Startup Idea: TailSearch – Search for Retail Stores - kimonos
http://www.abstract-living.com/tailsearch-search-for-retail-stores/

======
smt88
This would never work. "Medium-high switching barriers" is a fantasy. The
barriers are insurmountable, and not just because big retailers like to use
in-house technology.

Every retail store is carefully engineered to make you walk around more. They
want you to walk past things you didn't intend to buy and then buy them.

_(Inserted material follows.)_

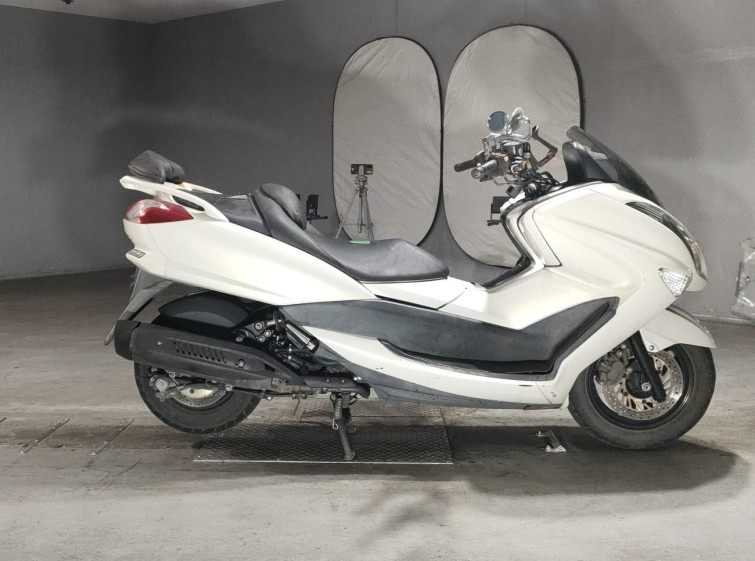 Мотоцикл Yamaha MAJESTY250 с пробегом 57092 km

Ever wonder why household necessities are always at opposite back corners of
grocery stores? They want you to spend as much time there as possible and pass
as many shelves as possible.

Yes, there is a "problem" here for consumers, but it's one they will generally
solve by using Amazon or the online pick-up systems that stores already have.
You can already browse the inventory of stores and have your items waiting for
you when you arrive.

Furthermore, because every store creates this problem, no store has an
incentive to fix it.

If Target, for example, were to spend money on "TailSearch" (a LOT of money)
and minorly improve the user experience at the cost of much of their sales
volume, they would be screwed.

And what would the real benefit for the user be? Do you go to stores because
it's easy to find things or because they have what you want at the price you
want?

This is simple technology, and it could easily piggyback on the databases that
tech-savvy companies like Wal-Mart already have. There's a reason they haven't
done anything like this yet.